Sabtu sore ini, Atik sedang berkunjung ke rumah nenek di daerah Sekoja, Jambi. Seperti biasa, saat bertemu Nenek, Atik asyik bercerita tentang kegiatannya di sekolah.
Saat bercerita, mata Atik melihat sebuah tas yang tergantung di dekat mesin jahit nenek. “Nek, tas itu bagus. Coraknya batik.”
Nenek menoleh. “Tas batik itu buatan Nenek. Nenek beli kainnya langsung dari sanggar batik,” jelas Nenek.
“Atik suka tas seperti itu. Boleh buat Atik, Nek?”
Nenek tersenyum dan mengangguk.
“Makasih ya, Nek,” ujar Atik girang.
Esok pagi, Nenek mengajak Atik jalan-jalan ke sanggar batik milik Ibu Hanum, teman sekolah nenek dahulu. Ternyata, di sana ada banyak anak seusia Atik sedang belajar membatik.

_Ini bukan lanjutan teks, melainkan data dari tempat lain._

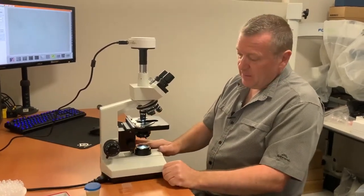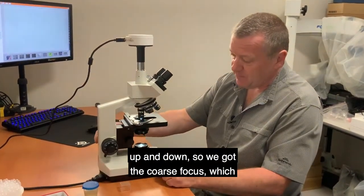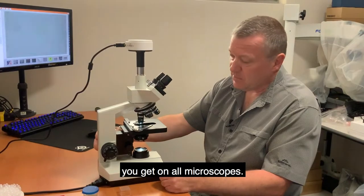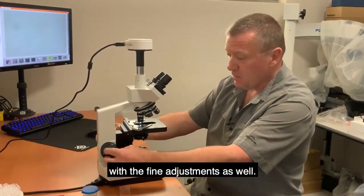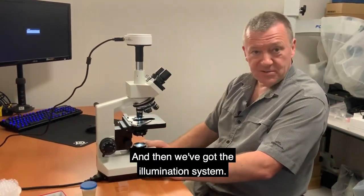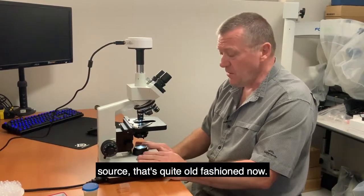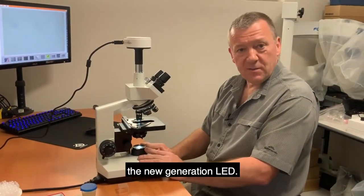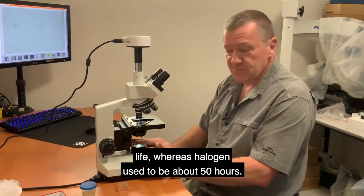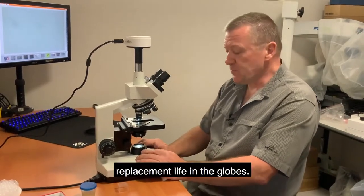The focusing moves the stage plate up and down. We have coarse focus, which you get on all microscopes, but you really need fine focus adjustment as well — and this microscope has both. For illumination, you can get microscopes with a halogen light source, but that's quite old-fashioned now. All our new microscopes use LED, which gives a much longer lamp life: halogen used to be about 50 hours, while LED gives you about 10,000 hours replacement life.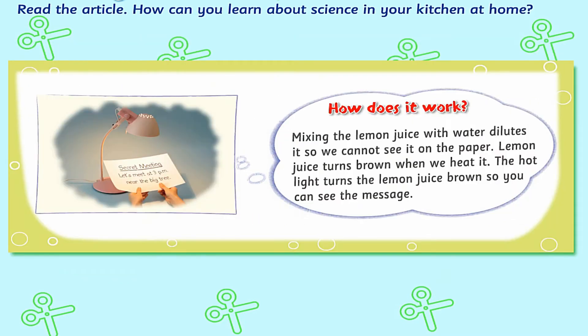How does it work? Mixing the lemon juice with water dilutes it so we cannot see it on the paper. Lemon juice turns brown when we heat it. The hot light turns the lemon juice brown so you can see the message.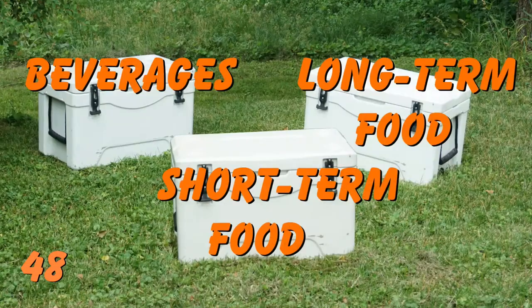Number 48 is an alternate three cooler method: one for beverages, one for short-term food storage, and a third for long-term food storage. Your beverage cooler hopefully lasts the entire trip, your short-term food storage is used up and emptied in a few days, and your long-term food storage is not opened until your short-term food storage has been emptied and cleaned out.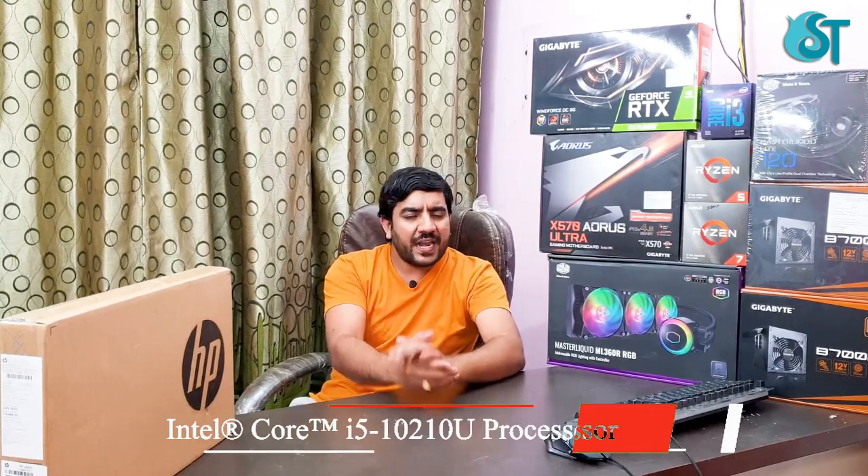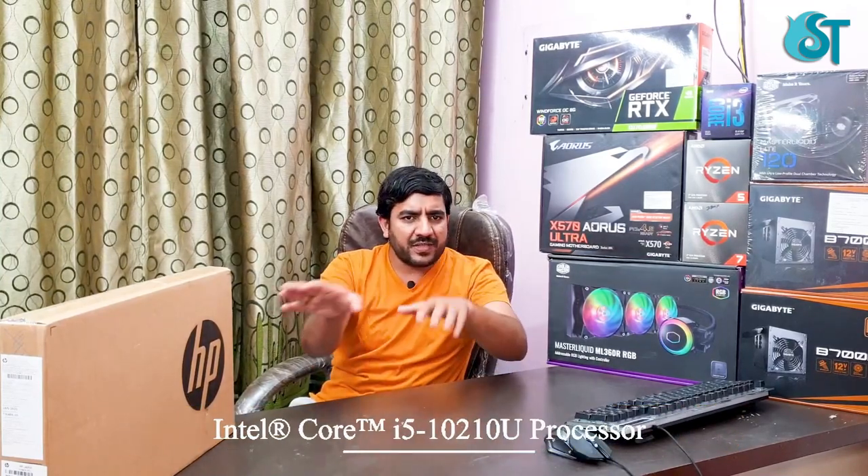You can see the laptop is 14 inch in size, and you can see the model. It has a Core i5 processor. This is an unboxing, so friends, first of all let's get into the unboxing.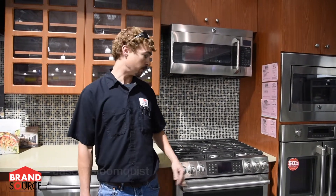I'm Jason, I'm here with Brandsource. I'm going to talk about how to measure the opening for different ranges and different range installs.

“Aih, ini pasti Atik, ya? Nenek kamu sering cerita soal kamu,” sambut Bu Hanum. Bu Hanum lalu mempersilakan Atik duduk bersama anak-anak lain yang sedang belajar membatik. Lalu, Bu Hanum memperlihatkan sebuah kain batik pada Atik.
“Atik, batik tulis Jambi memiliki corak dan warna yang unik. Pewarna batik Jambi diambil dari bahan-bahan alami yang ada di Jambi, seperti getah kayu lambato buah kayu bulian, daun pandan, kayu tinggi, dan kayu sepang,” jelas Bu Hanum. Atik hanya mengangguk-angguk mendengarnya.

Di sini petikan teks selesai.